Lui et ses collègues traquaient des indices issus d’expériences précédentes concernant le comportement étrange d’une feuille mince du matériau cristallin ditellurure de tungstène. Le matériau conduit l’électricité comme un métal, mais c’est un isolant puissant en tant que monocouche — une couche qui n’a qu’un atome d’épaisseur — car les électrons mobiles d’un courant sont bloqués par ses électrons fixes.
Dans le cadre de leurs recherches, les chercheurs ont exposé la monocouche à un champ magnétique variable à basses températures, où les effets quantiques deviennent plus prononcés, et ont mesuré la résistance à un courant électrique. Les matériaux classiques présentent un comportement distinctif dans ces conditions : les métaux présentent un phénomène appelé « oscillation quantique », dans lequel leur résistivité bascule rapidement entre différentes valeurs.
Wu explique que les oscillations quantiques se produisent parce que les électrons du matériau changent entre leur état classique normal et les états de la mécanique quantique causés par leur mouvement circulaire dans le champ magnétique. Mais les isolants ne présentent pas d’oscillations quantiques. Ainsi, Wu et ses collègues ont été surpris de voir que la résistivité de la monocouche de ditellurure de tungstène commençait à osciller à mesure que le champ magnétique augmentait (le comportement distinctif d’un métal).
Des oscillations quantiques inattendues
Les physiciens savent aujourd’hui qu’un champ magnétique suffisamment fort fait basculer les électrons d’un métal entre leur état classique normal et leurs états quantiques circulaires, provoquant les oscillations de la résistivité du métal ; et les oscillations quantiques sont devenues un outil standard pour caractériser de nombreuses propriétés des métaux.

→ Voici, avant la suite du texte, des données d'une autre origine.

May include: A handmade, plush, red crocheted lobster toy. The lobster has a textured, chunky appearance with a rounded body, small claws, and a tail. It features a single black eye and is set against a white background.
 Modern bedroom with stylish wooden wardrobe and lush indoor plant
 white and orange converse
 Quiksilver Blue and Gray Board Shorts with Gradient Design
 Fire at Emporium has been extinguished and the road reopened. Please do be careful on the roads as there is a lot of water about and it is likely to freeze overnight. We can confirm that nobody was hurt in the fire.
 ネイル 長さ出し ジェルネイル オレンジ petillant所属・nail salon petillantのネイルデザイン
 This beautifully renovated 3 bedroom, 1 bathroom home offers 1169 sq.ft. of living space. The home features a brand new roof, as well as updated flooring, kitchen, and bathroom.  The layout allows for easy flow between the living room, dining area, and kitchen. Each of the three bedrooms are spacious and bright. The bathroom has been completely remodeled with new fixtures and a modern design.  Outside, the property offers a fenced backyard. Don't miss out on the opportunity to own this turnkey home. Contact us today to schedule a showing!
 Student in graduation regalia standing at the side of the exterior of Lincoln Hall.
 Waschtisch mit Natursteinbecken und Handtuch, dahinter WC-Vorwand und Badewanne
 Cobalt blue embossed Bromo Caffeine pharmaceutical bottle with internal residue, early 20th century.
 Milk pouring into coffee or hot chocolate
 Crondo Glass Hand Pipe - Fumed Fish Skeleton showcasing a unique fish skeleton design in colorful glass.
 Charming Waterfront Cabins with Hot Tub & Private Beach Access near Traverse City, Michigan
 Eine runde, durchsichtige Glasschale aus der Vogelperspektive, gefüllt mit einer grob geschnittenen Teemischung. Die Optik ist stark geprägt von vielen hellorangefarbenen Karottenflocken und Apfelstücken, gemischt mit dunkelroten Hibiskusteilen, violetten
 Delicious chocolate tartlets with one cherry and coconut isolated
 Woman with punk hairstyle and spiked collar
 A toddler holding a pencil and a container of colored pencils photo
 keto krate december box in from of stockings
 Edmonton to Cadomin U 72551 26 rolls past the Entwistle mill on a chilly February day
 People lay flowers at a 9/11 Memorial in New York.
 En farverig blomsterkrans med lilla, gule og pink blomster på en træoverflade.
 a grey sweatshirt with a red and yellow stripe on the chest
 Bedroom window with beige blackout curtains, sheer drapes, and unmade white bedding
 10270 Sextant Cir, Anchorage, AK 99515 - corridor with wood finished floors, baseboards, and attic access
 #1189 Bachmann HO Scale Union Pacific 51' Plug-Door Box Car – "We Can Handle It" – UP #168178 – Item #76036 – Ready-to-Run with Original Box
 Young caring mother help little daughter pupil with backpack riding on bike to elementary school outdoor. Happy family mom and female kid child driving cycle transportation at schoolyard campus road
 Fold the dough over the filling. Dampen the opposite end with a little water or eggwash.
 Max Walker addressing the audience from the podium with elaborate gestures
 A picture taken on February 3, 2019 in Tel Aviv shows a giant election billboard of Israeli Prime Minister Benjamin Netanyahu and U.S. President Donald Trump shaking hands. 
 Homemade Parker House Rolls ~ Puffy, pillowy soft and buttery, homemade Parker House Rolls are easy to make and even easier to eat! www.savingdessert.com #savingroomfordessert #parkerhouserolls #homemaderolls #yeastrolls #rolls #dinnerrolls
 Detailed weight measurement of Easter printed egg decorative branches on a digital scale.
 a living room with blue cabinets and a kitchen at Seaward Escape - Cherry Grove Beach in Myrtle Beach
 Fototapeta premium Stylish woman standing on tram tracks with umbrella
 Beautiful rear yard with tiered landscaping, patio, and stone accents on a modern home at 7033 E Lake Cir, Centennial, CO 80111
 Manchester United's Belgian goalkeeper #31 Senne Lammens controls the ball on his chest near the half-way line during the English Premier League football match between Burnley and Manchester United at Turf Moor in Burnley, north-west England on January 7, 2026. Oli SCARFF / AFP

En revanche, les électrons des matériaux isolants ne peuvent pas bouger, ils ne conduisent donc pas bien le courant électrique et ont une résistivité très élevée. Les isolants ne montrent généralement aucune oscillation quantique, quelle que soit la force du champ magnétique. Ainsi, les oscillations quantiques observées dans la monocouche prétendument isolante de ditellurure de tungstène étaient inattendues.
Bien que le matériau ait une résistivité élevée, il a commencé à osciller entre des niveaux de résistivité supérieurs et inférieurs à mesure que l’intensité du champ magnétique augmentait. Cette oscillation a indiqué que les électrons du matériau se déplaçaient en phases quantifiées provoquées par le champ magnétique — une propriété fondamentale d’un métal, mais dans un isolant puissant.
De nouvelles quasi-particules à l’origine du phénomène
La physique moderne n’explique pas la découverte, et les auteurs émettent l’hypothèse que les oscillations observées sont causées par une forme jusqu’alors inconnue de matière quantique. Ils pensent que les oscillations quantiques pourraient être expliquées par des « quasiparticules », jamais vues auparavant, qui proviennent des électrons fixes lorsque la monocouche de ditellurure de tungstène est exposée à un champ magnétique suffisamment fort. Et ils suggèrent que cette quasi-particule est un « fermion neutre » — l’équivalent d’un électron, mais sans charge électrique.
Les chercheurs pensent que leurs fermions neutres pourraient exister et être mobiles dans un isolant, provoquant des interactions entre un courant et les particules neutres qui émergent des électrons fixes, qui peuvent être détectés comme des oscillations quantiques. Ils envisagent maintenant des moyens de tester leur hypothèse de fermions neutres dans le ditellurure de tungstène, et ils recherchent d’autres isolants qui développent également des oscillations quantiques.